Seperti diketahui, teori perkembangan intelektual atau filsafat belajar Jean Piaget telah dikenal luas di kalangan ilmuwan khususnya ilmuwan pendidikan. Pada dasarnya ada empat konsep dasar Jean Piaget yang dapat diaplikasikan pada pendidikan dalam berbagai bentuk dan bidang studi, yang berimplikasi pada organisasi lingkungan pendidikan.

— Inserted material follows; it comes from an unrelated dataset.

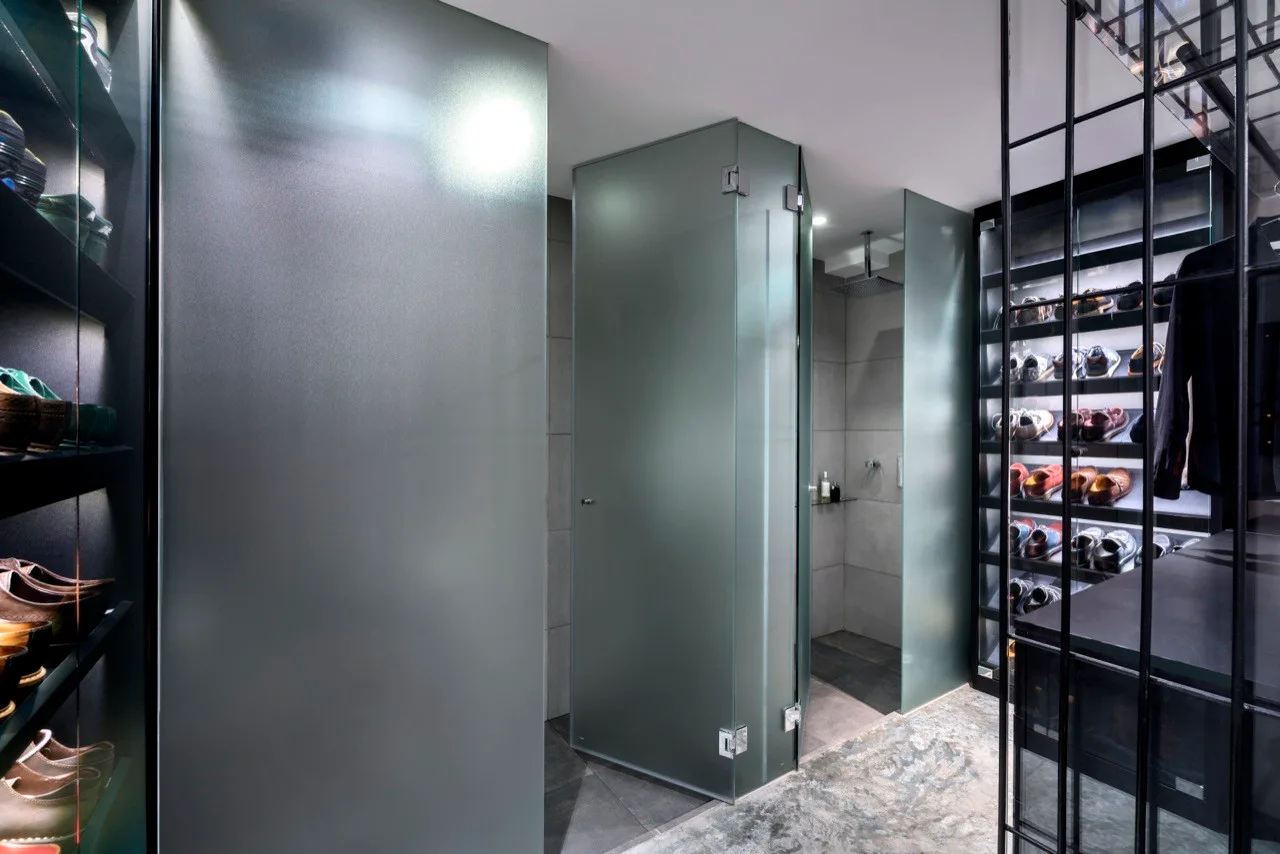 A modern dressing room features integrated black metal shoe shelving with built-in backlighting next to a frosted glass shower enclosure.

Keempat konsep dasar tersebut adalah : 1) Skemata, dipandang sebagai kumpulan konsep atau kategori yang digunakan individu ketika berinteraksi dengan lingkungan, merupakan struktur kognitif yang selalu berkembang dan berubah karena asimilasi dan akomodasi, 2) Asimilasi, merupakan proses kognitif individu dalam usahanya untuk mengadaptasikan diri dengan lingkungannya, terjadi secara kontinyu, berlangsung terus-menerus dalam perkembangan kehidupan intelektual seseorang, 3) Akomodasi, merupakan suatu proses struktur kognitif yang berlangsung sesuai dengan pengalaman baru. Proses kognitif tersebut menghasilkan terbentuknya skemata baru dan berubahnya skemata lama. Di sini tampak terjadi perubahan secara kuantitatif, sedangkan pada asimilasi terjadi perubahan secara kualititatif. Dengan perkataan lain, asimilasi bersama-sama akomodasi secara terkoordinasi dan terintegrasi menjadi penyebab terjadinya adaptasi intelektual dan perkembangan struktur intelektual, 4) Keseimbangan (Equilibrium), merupakan proses adaptasi terhadap lingkungan dimana individu berusaha untuk mencapai struktur mental atau skemata yang stabil. Stabil dalam artian bahwa terjadi keseimbangan antara proses asimilasi dan proses akomodasi. (Senduk, 185 : )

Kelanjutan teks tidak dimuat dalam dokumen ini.